Could you copy exactly the lines below, beginning at the line with "越玩越大：東風標致5008 7座SUV即將上市-鋒巢網(wǎng)" and stopping after the line with "Nina Queen relaxando", with no pictures?
---
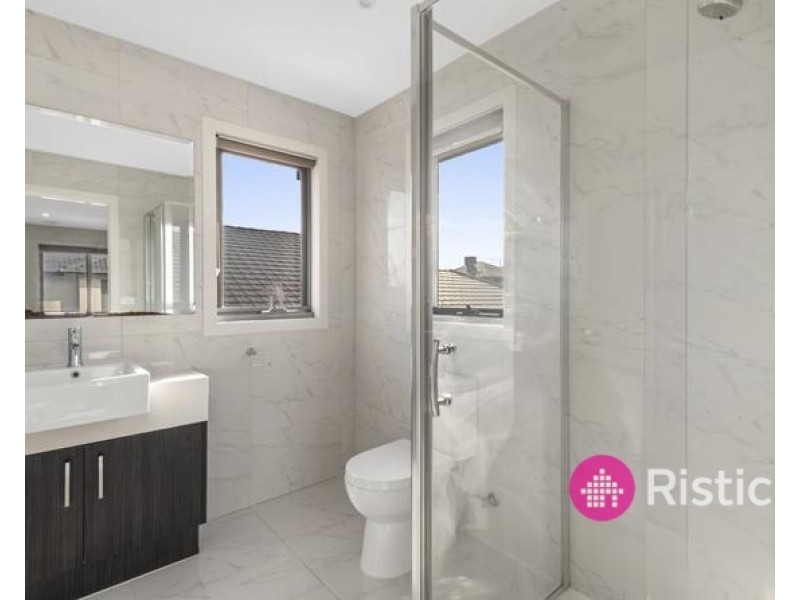 5/13 Blainey Cresent, Epping VIC 3076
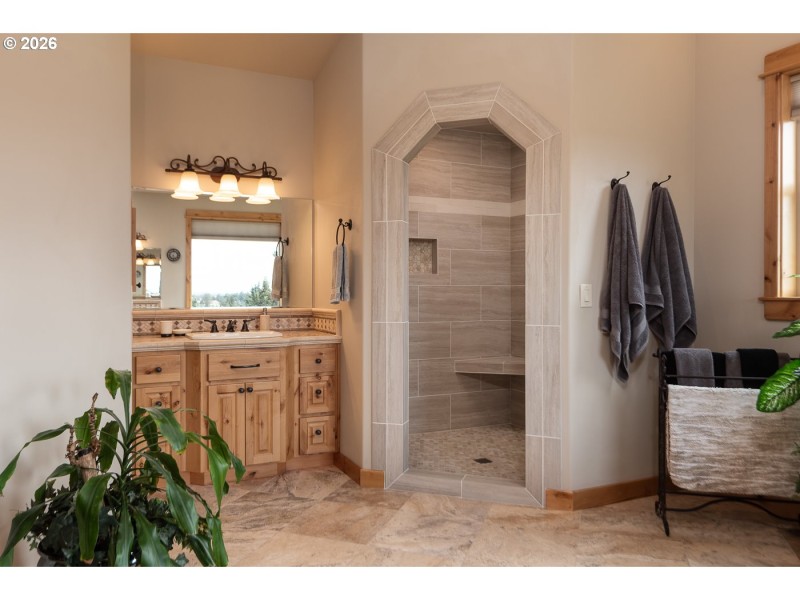 Owner's Suite Bathroom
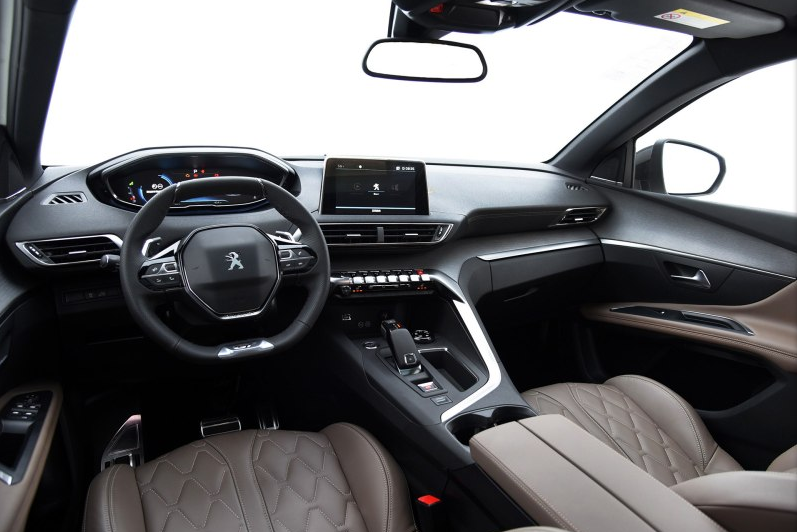 越玩越大：東風標致5008 7座SUV即將上市-鋒巢網(wǎng)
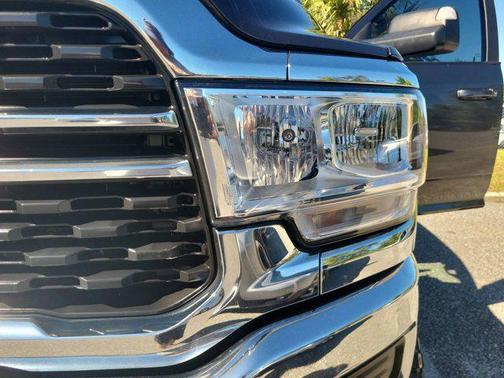 2022 RAM 2500 Big Horn Crew Cab 4x4 6'4' Box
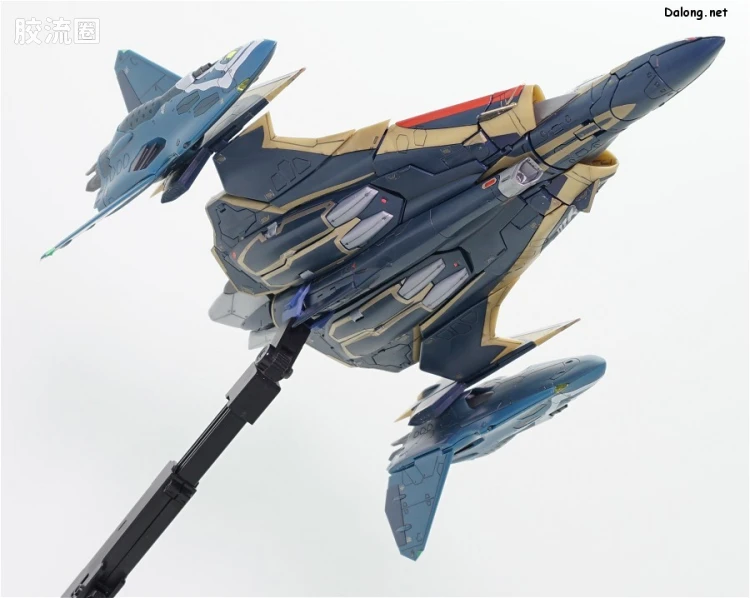 万代超时空要塞系列拼装模型 1比72 Sv-262Hs 龙III(奇斯机) 对应Lil Draken & 脚部Missile Pod - 图片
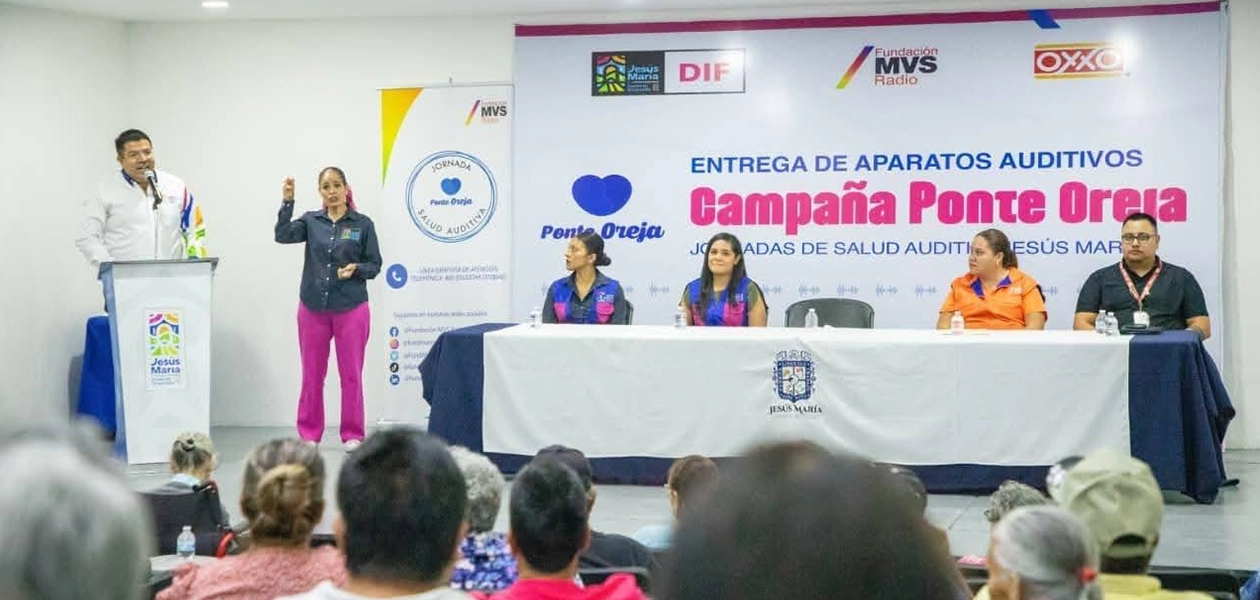 Alcalde de Jesús María entrega aparatos auditivos 1
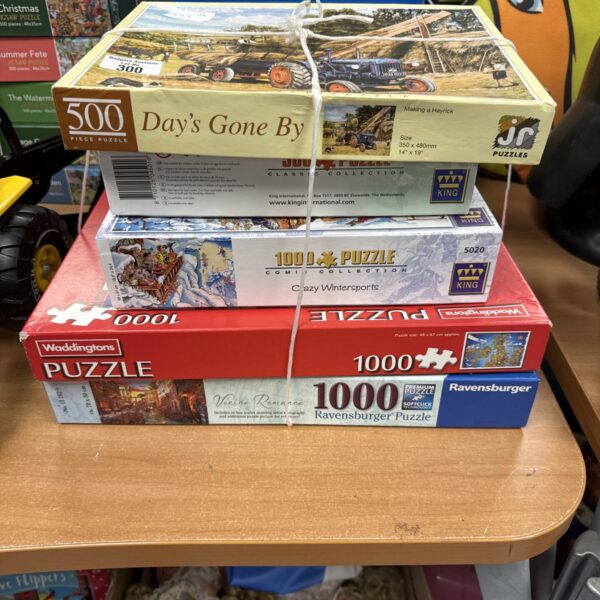 Assorted vintage jigsaw puzzles including a Waddingtons puzzle.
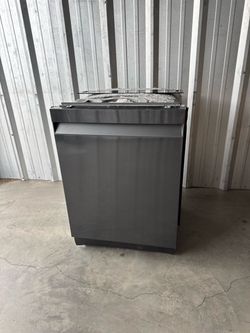 Samsung StormWash Dishwasher 42 dBA Black Stainless w/ 3rd Rack – DW80R7060UG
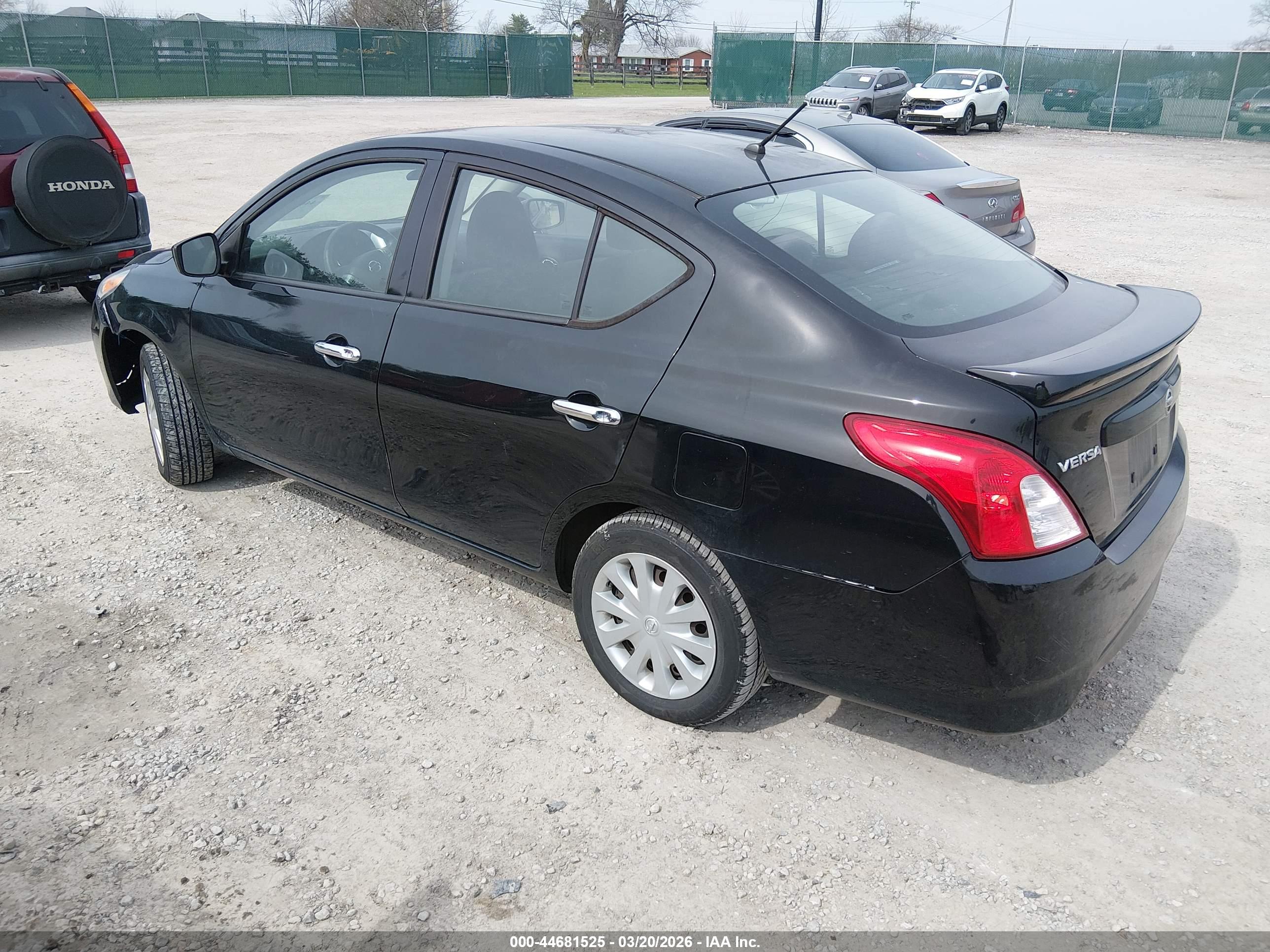 NISSAN VERSA image 3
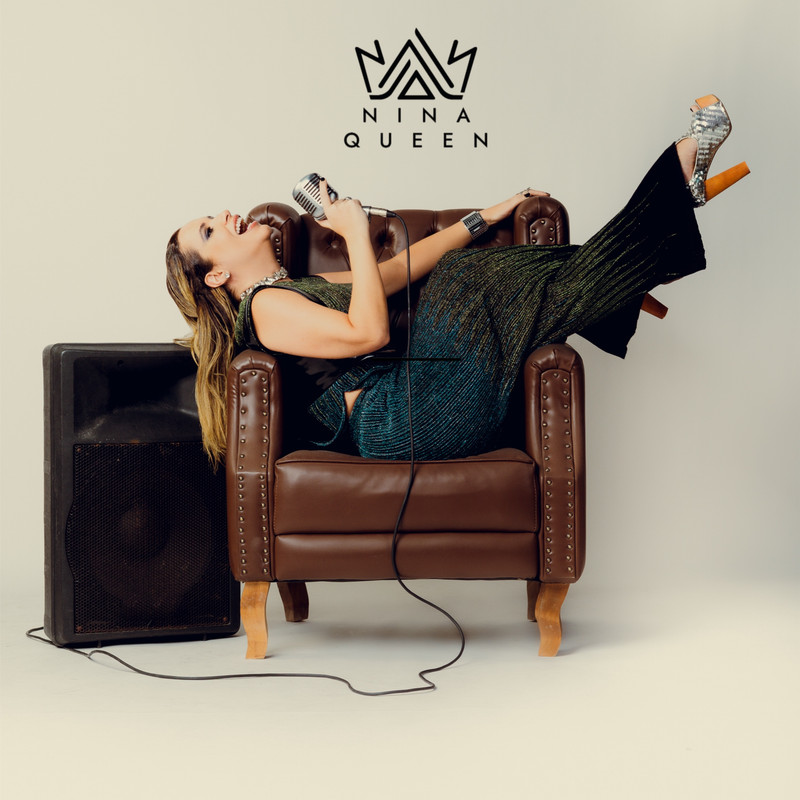 Nina Queen relaxando no camarim antes do show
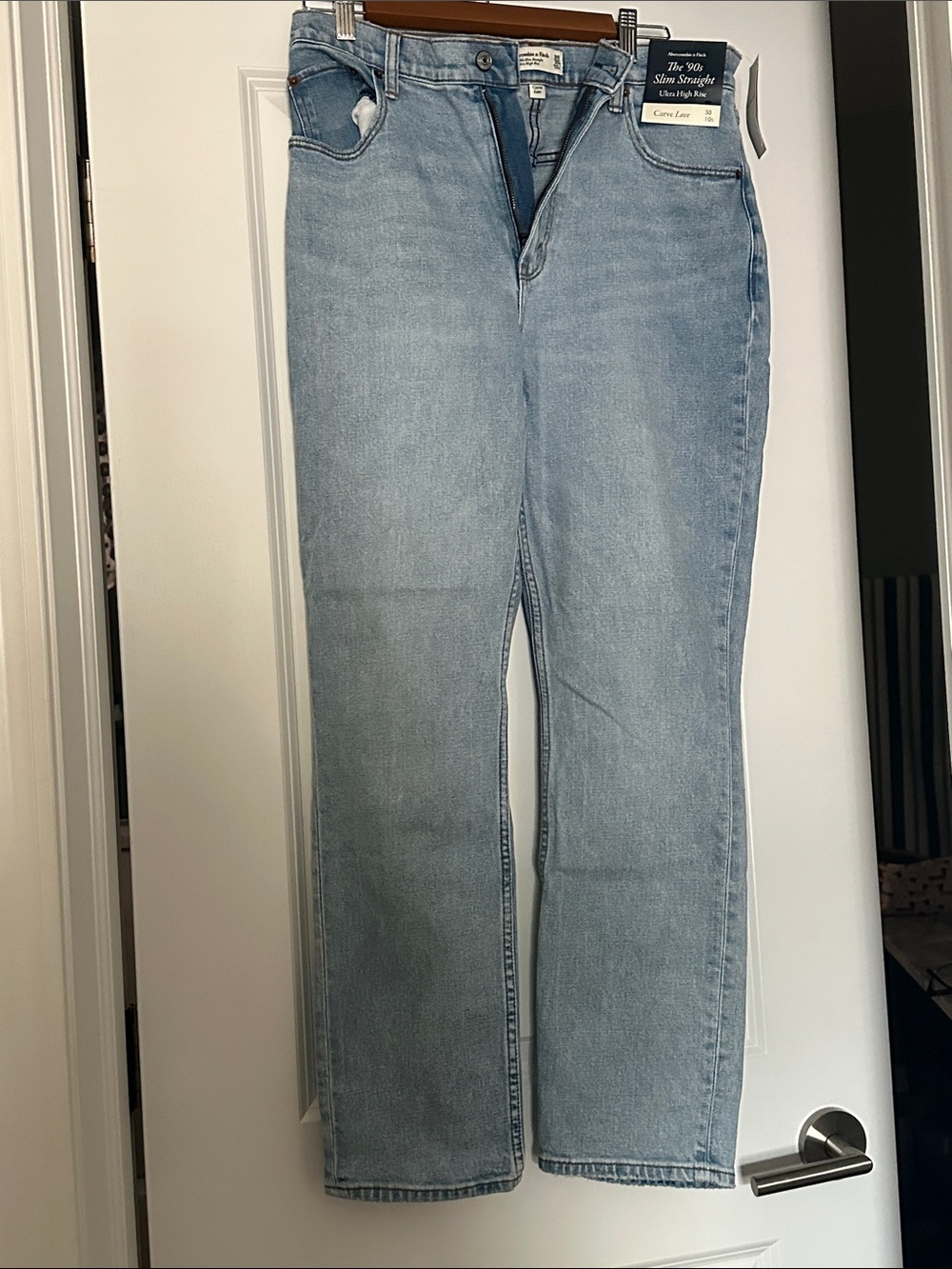 Abercrombie ultra high rise slim Straight Light Wash Women's Jeans - curve love
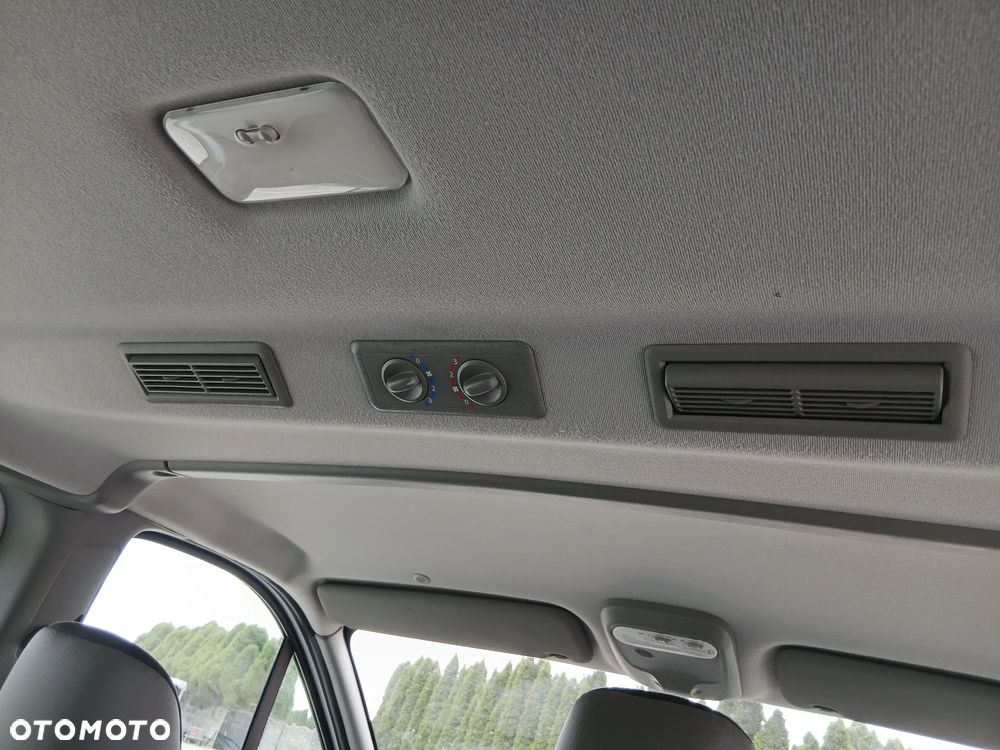 Opel Vivaro L1H1 Tour - 12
---
● WRITTEN RESPONSE
 越玩越大：東風標致5008 7座SUV即將上市-鋒巢網(wǎng)
 2022 RAM 2500 Big Horn Crew Cab 4x4 6'4' Box
 万代超时空要塞系列拼装模型 1比72 Sv-262Hs 龙III(奇斯机) 对应Lil Draken & 脚部Missile Pod - 图片
 Alcalde de Jesús María entrega aparatos auditivos 1
 Assorted vintage jigsaw puzzles including a Waddingtons puzzle.
 Samsung StormWash Dishwasher 42 dBA Black Stainless w/ 3rd Rack – DW80R7060UG
 NISSAN VERSA image 3
 Nina Queen relaxando no camarim antes do show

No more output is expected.